Lebanon, Syria try for better relations

 

MIDDLE EAST: Lebanese prime minister Fuad Siniora and Syrian president Bashar Assad have called for relations between their two countries to be rebuilt. Both sides pledged yesterday to "deepen co-operation" and to avoid anything that could disrupt their "special relationship".

Relations between Beirut and Damascus chilled rapidly after Syria was believed to have been implicated in the assassination last February of former prime minister Rafik Hariri.

Syria denied involvement but domestic and international pressure forced Damascus to end its 29- year military presence in Lebanon.

A deep freeze set in when anti-Syrian politicians won a majority of seats in Lebanon's 128-member parliament in the election following Syria's withdrawal.

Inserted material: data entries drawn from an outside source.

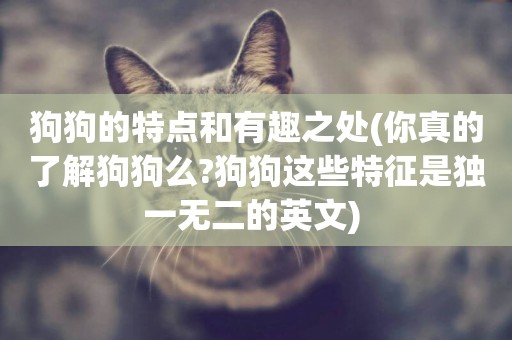 狗狗的特點和有趣之處(你真的了解狗狗么?狗狗這些特征是獨一無二的英文) 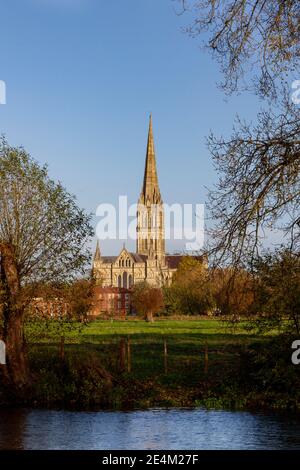 Blick über die Harnham Water Meadows auf den Turm der Salisbury Cathedral, südlich von Salisbury, Wiltshire, Großbritannien. Stockfoto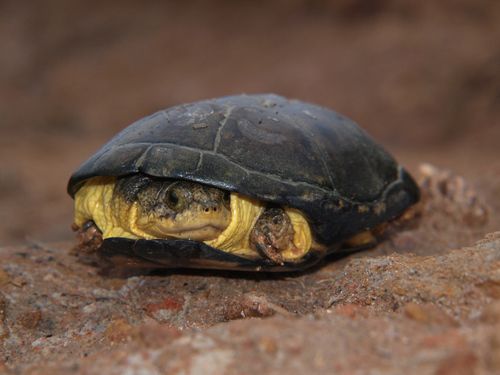 African dwarf mud turtle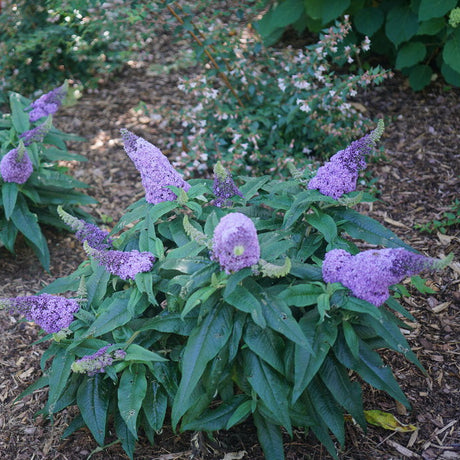 Purple butterfly bush in a nursery pot with green foliage
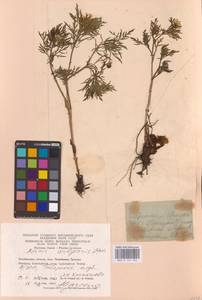 Горицвет волжский, Адонис волжский DC., Восточная Европа, Восточный район (E10) (Россия)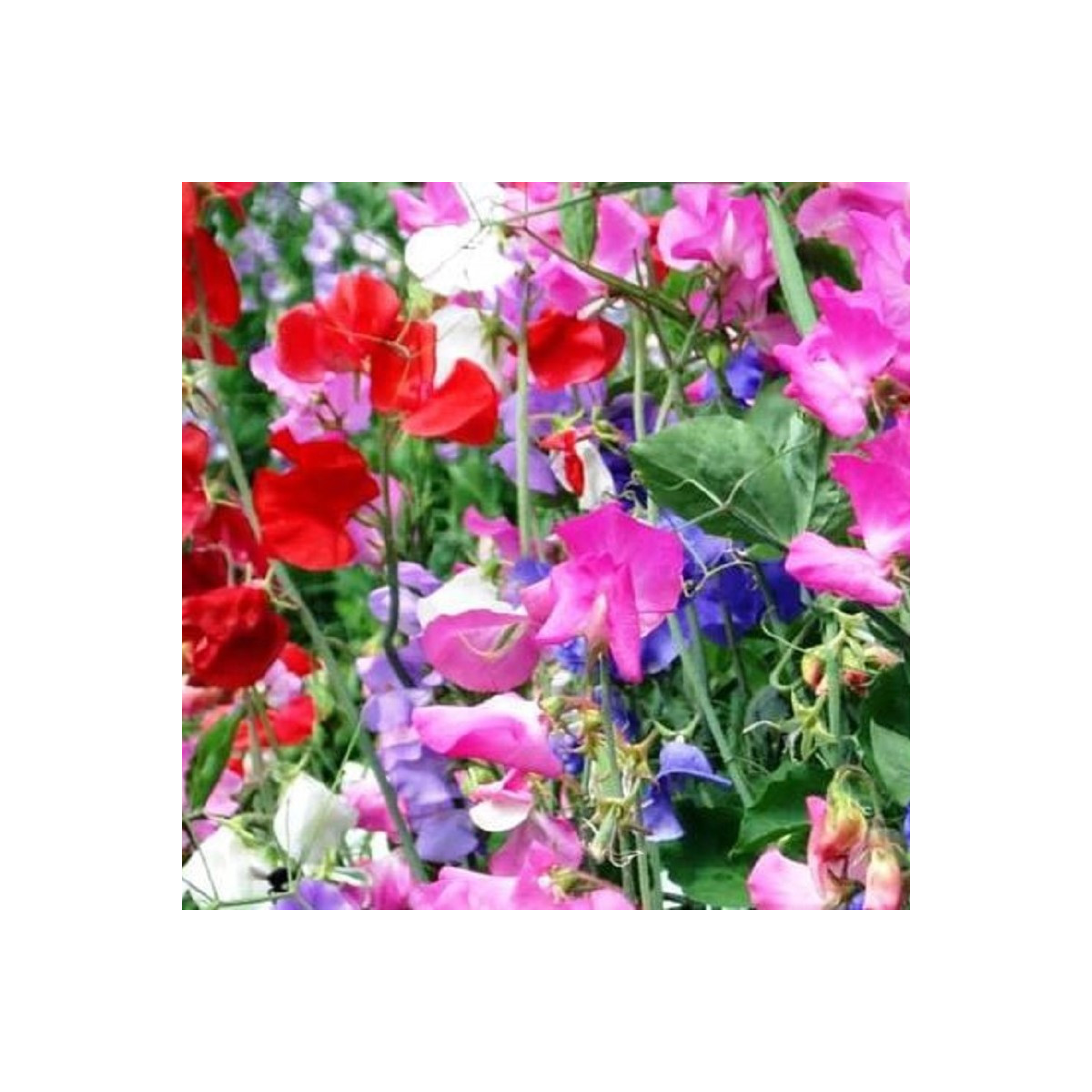 Hrachor vonný Bijou zmes - Lathyrus odoratus - predaj semien - 16 ks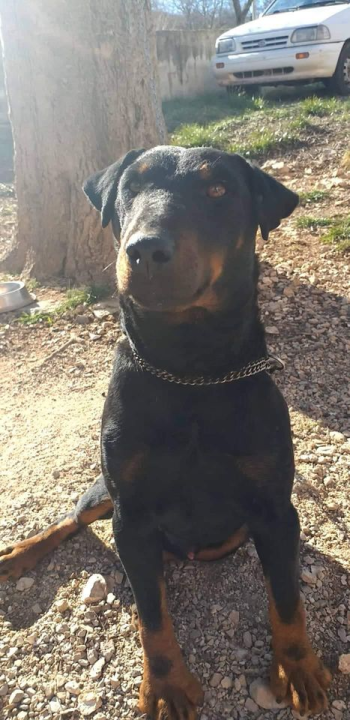 Provjerite tko su naj ljubimci 2024. godine!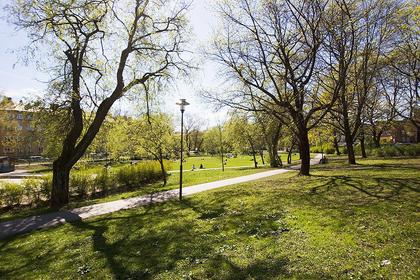 Bild av trädgården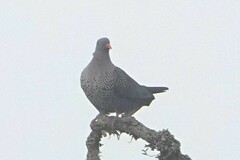 Cameroon Olive Pigeon photo 3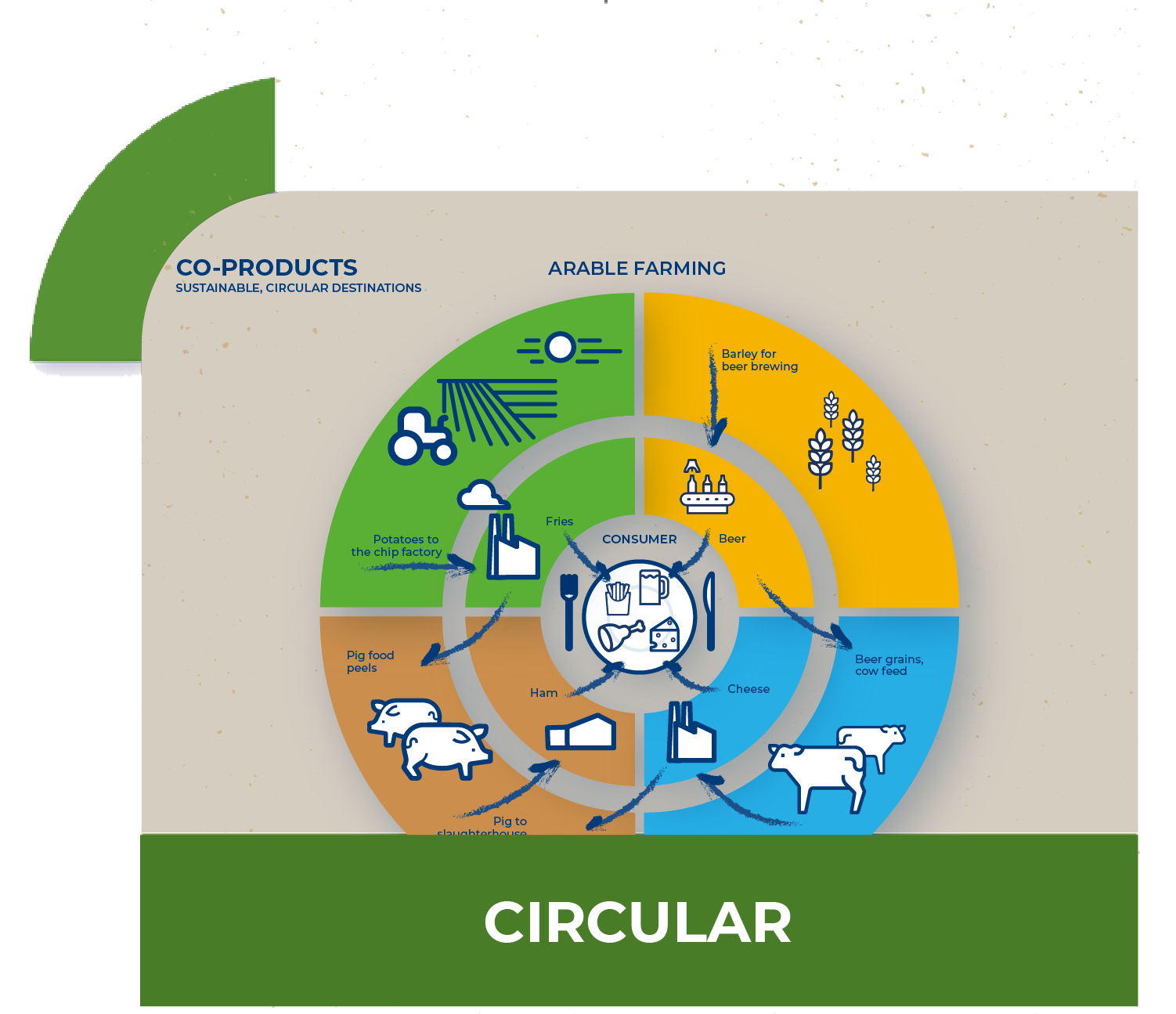 circulair feed infographic EN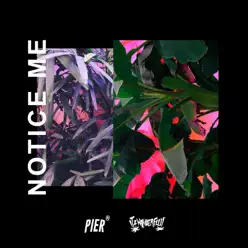 Notice Me (feat. Itzwonderfull) - Single - Pier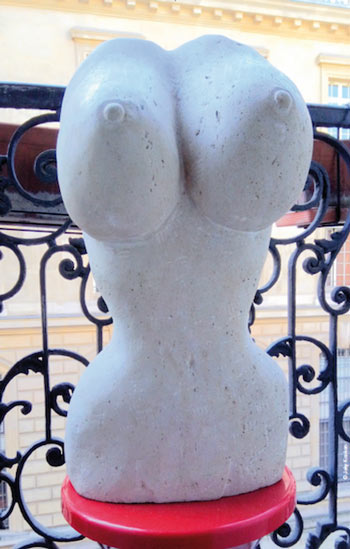 Mona AYOUN, l'histoire de mes seins Mona AYOUN, l'histoire de mes seins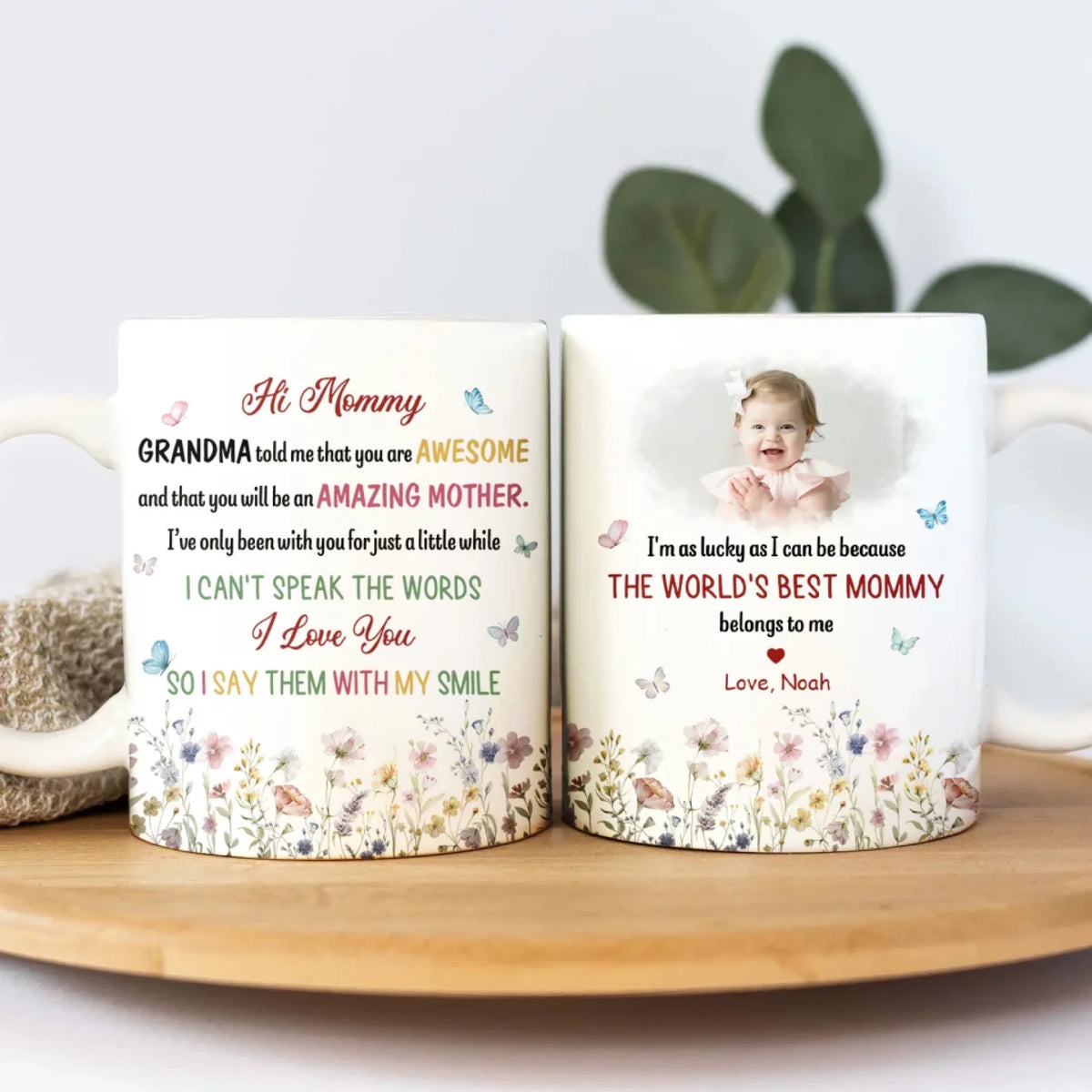 The World's Best Mommy Belongs To Me mk1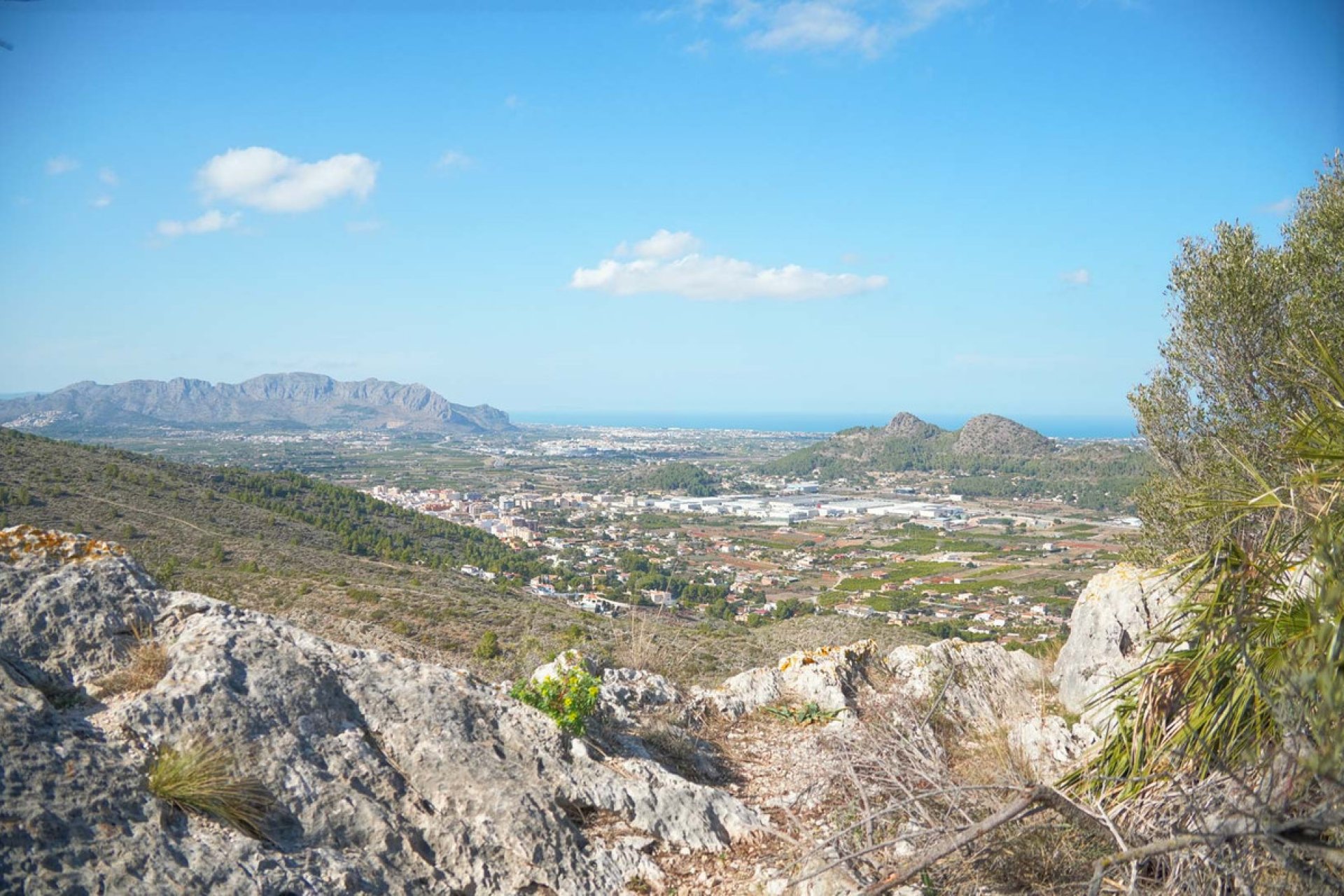 Reventa - Villa -
Pedreguer - Pedreguer Centro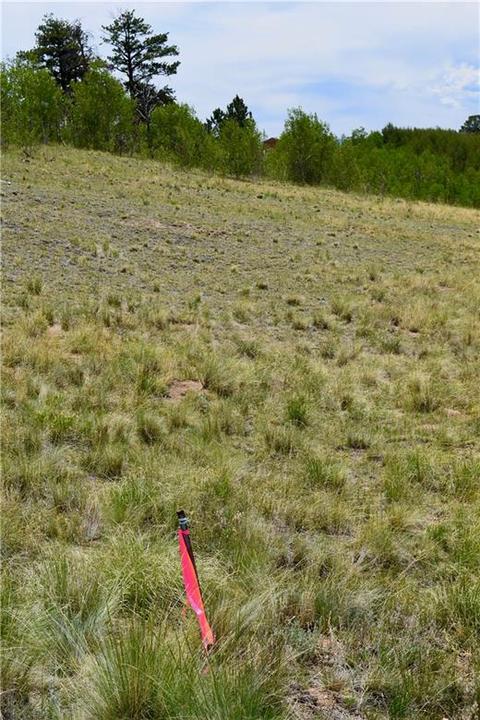 139 Kiwi Ct, Como, CO 80432 photo 2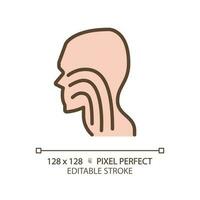 Trachea pixel perfect RGB color icon. Throat structure performing. Human body parts. Medical examination. Thin line illustration. Contour symbol. Vector outline drawing. Editable stroke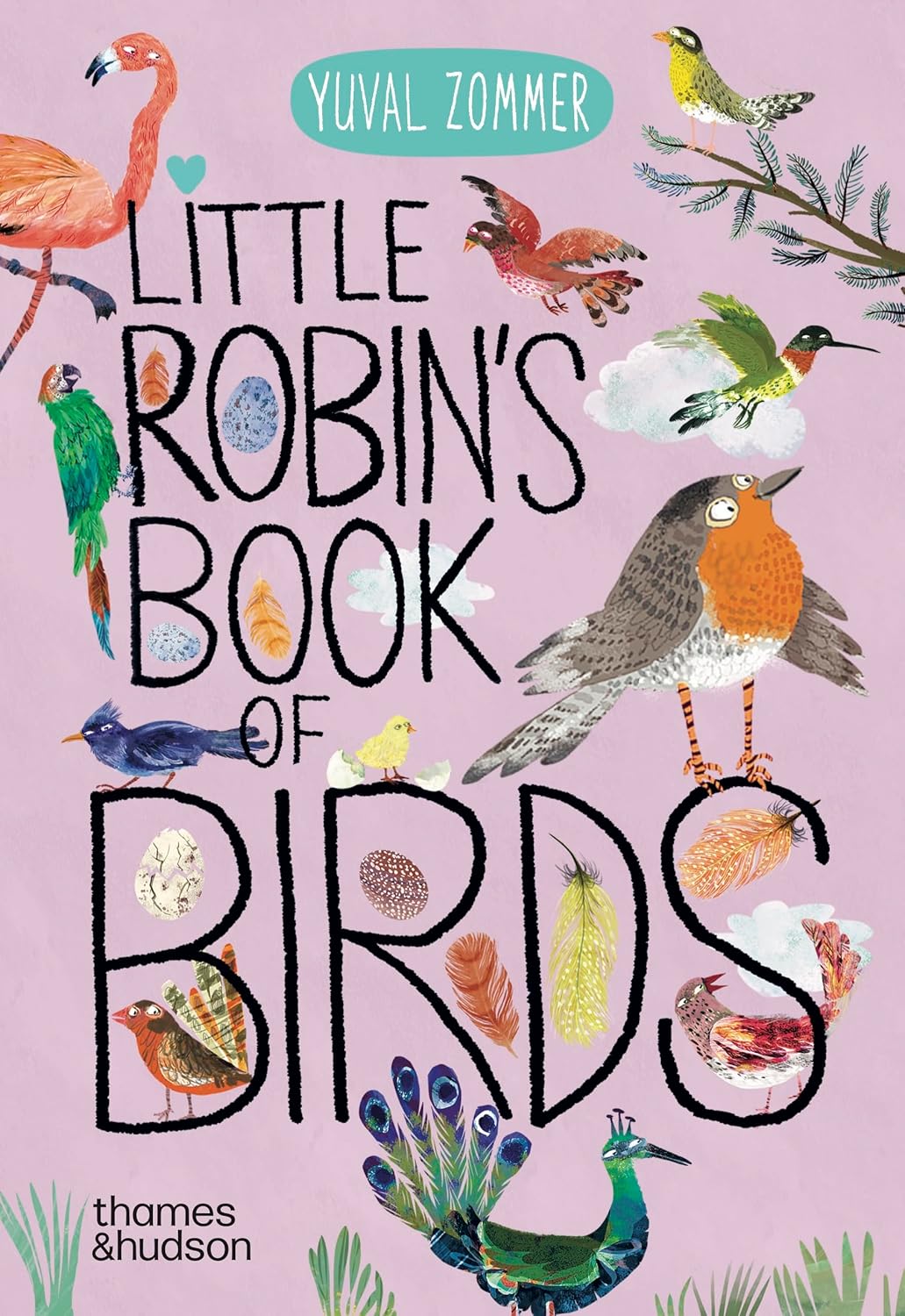 Little Robin's Book of Birds by Yuval Zommer (Preorder)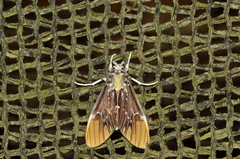 Scaptius asteroides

After fresh accusations were levelled at Syria following the murders of Lebanese journalist Samir Kassir and former communist chief George Hawi, Damascus charged Lebanese militants with the killing of 32 Syrian workers and the disappearance of 795 Syrians residing in Lebanon.

Syria also demanded compensation for 300,000 of its workers who fled Lebanon following the murder of Mr Hariri.

Damascus recently imposed heavy security measures on its border with Lebanon, in response to charges that it was not taking strong action against terrorists.

However, intense searches slowed the flow of lorries carrying Lebanese goods and agricultural produce to the Arab hinterland to a trickle. Hundreds of vehicles have been trapped on the Lebanese side of the border and in no-man's land between the frontier posts of the two countries, causing fruit and vegetables to rot and costing Lebanese exporters $300,000 a day in lost sales.

Lebanon claimed the measures were politically motivated.

At a news conference with Syrian prime minister Mohammad Naji Otri, Mr Siniora said the issue of delays on the border had been resolved.

Mr Siniora has pledged to reform Lebanon's political and economic system but cannot begin until he ends the crisis between his country and its much larger neighbour. He has expressed his determination to re-establish "healthy, privileged and solid relations" with Syria based on "new thinking" and "mutual interest and respect".

This was his first trip outside Lebanon since he took office and followed Saturday's overwhelming vote of confidence in his cabinet, giving him a strong hand in negotiations with Dr Assad and Mr Otri.